Exercise instructions:
Every line of the data below should be repeated exactly, and no picture should be copied.

Given data:
######

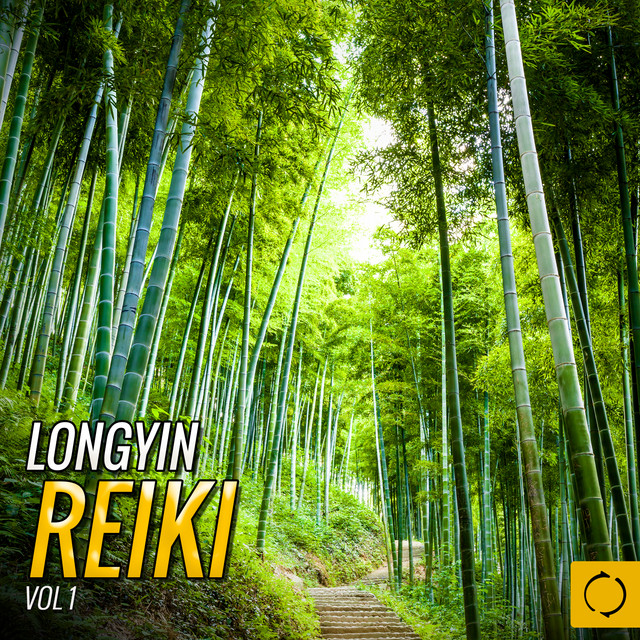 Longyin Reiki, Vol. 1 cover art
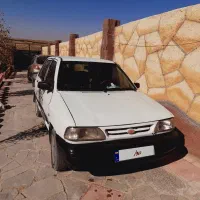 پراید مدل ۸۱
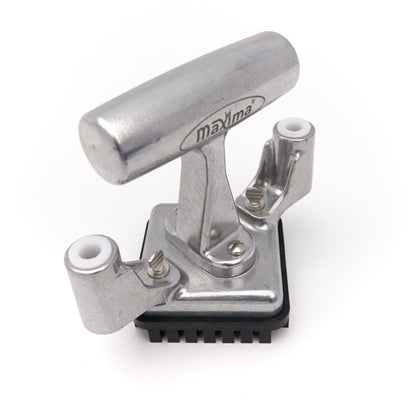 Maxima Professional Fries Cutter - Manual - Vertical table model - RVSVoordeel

######

Result below:
 Longyin Reiki, Vol. 1 cover art
 پراید مدل ۸۱
 Maxima Professional Fries Cutter - Manual - Vertical table model - RVSVoordeel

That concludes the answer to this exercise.